Only the lines below from the one containing "Entwicklung eines rekonfigurierbaren" to the one containing "не угадал с подарком на 8 марта" should be repeated, both included and unchanged.

(SOURCE MATERIAL begins)

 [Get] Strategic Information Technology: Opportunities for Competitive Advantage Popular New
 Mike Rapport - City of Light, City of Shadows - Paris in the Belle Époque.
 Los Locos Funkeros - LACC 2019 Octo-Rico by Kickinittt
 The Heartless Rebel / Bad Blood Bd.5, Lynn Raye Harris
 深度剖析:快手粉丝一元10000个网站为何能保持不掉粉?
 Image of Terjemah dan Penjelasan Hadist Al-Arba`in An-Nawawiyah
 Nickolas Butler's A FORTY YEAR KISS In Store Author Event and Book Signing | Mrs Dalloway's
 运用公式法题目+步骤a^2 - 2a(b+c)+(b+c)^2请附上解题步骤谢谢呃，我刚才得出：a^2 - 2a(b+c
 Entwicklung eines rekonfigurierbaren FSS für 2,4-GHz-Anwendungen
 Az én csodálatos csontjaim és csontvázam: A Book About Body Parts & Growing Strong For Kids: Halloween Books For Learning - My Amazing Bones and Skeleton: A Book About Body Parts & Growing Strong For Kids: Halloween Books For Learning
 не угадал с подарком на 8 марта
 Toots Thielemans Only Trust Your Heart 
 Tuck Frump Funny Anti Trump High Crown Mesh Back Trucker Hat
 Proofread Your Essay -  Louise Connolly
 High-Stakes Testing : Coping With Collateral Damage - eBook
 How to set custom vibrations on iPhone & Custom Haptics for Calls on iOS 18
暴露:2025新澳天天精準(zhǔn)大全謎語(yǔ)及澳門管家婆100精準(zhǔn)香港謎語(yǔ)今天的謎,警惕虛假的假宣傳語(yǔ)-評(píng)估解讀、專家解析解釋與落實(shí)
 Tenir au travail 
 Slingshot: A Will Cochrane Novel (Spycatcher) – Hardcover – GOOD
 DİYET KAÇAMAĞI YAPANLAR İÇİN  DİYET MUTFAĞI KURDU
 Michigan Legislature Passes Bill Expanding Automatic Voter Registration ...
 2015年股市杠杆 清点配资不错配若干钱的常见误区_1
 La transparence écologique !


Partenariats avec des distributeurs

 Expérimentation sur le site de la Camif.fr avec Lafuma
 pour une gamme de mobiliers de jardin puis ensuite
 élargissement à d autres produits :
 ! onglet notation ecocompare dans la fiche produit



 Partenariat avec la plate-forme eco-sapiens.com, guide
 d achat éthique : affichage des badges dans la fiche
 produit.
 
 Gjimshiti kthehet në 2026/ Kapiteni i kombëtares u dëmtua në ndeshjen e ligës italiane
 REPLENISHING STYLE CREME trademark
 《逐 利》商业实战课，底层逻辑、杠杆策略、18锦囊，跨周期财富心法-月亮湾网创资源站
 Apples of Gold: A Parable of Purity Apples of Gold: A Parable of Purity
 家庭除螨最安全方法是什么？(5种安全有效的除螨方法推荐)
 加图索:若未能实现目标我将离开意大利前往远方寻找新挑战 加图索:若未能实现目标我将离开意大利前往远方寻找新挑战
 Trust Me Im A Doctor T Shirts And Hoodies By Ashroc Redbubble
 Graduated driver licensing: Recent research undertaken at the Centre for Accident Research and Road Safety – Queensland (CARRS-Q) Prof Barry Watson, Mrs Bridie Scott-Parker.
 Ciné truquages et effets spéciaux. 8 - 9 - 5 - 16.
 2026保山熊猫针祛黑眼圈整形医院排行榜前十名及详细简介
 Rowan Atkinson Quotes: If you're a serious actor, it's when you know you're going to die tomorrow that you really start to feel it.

(SOURCE MATERIAL ends)

SOLUTION TO THE EXERCISE:
 Entwicklung eines rekonfigurierbaren FSS für 2,4-GHz-Anwendungen
 Az én csodálatos csontjaim és csontvázam: A Book About Body Parts & Growing Strong For Kids: Halloween Books For Learning - My Amazing Bones and Skeleton: A Book About Body Parts & Growing Strong For Kids: Halloween Books For Learning
 не угадал с подарком на 8 марта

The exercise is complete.